Asep (19) dan Budi (18) menikmati karya Muhlis Lugis pada pameran "Ke Mana Harga Diri" pada Senin (16/04/2018) di Balai Soedjatmoko. (Dok. VISI/Ola)
|
Lpmvisi.com,
Solo – Usai
sukses menyelenggarakan Kompetisi Internasional Trienale Seni Grafis Indonesia
V, Bentara Budaya menggelar pameran grafis karya Muhlis Lugis, pemenang ketiga
kompetisi. Seniman grafis asal Makassar itu mengusung tema “Ke Mana Harga Diri”

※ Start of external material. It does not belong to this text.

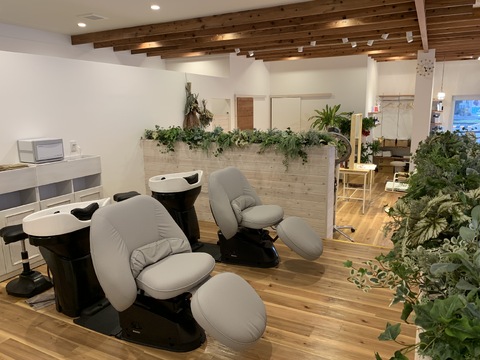 【徳島駅】≪社会保険完備≫≪完全週休2日制≫≪土日休み取得可能≫≪新規の入客チャンスあり≫自分の強みを活かした働き方ができ、成長できる！新規集客力抜群！「bluem（ブルーム）」からスタイリスト（美容師）の求人☆★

pada karyanya yang dipamerkan di Bentara Budaya Balai Soedjatmoko sejak Kamis
(12/04/2018) hingga Jumat (20/04/2018) nanti.
Lewat cukilan kayu di atas kertas
yang didominasi warna hitam dan putih, Muhlis memberikan makna mendalam yang
detail, kelam, dan peka pada setiap karyanya. Kebanyakan karyanya berbentuk
kritik sosial dan bergaya surealis, menceritakan tentang hiruk-pikuk manusia di
era global. Dibesarkan dalam budaya Bugis yang menjunjung tinggi martabat serta
harga diri, Muhlis menjadikan latar belakang ini sebagai landasan berkarya dan
mengusung tema "Hilangnya Budaya Malu" dalam pamerannya kali ini.
Beberapa karya
Muhlis yang dipamerkan pada pameran seni grafis “Ke Mana Harga Diri” pada hari
Senin (16/04/2018) di Balai Soedjatmoko. (Dok. VISI/Ola)
|
Internasional Trienale Seni Grafis
Indonesia sudah menjadi agenda kompetisi tiga tahunan Bentara Budaya bagi para
pegrafis Indonesia maupun luar negeri. Seusai kompetisi berakhir, karya-karya
para pemenang kompetisi akan dipamerkan secara bergilir di Bentara Budaya
Jakarta, Yogyakarta, Solo, dan Bali untuk dinikmati masyarakat umum. “Bulan
April ini giliran pemenang ketiga untuk dipamerkan. Bulan lalu sudah dipamerkan
karya pemenang pertama dan kedua,” jelas Jepri Ristiono, Anggota Tim Bentara
Budaya Solo saat ditemui VISI pada Senin (16/04/2018).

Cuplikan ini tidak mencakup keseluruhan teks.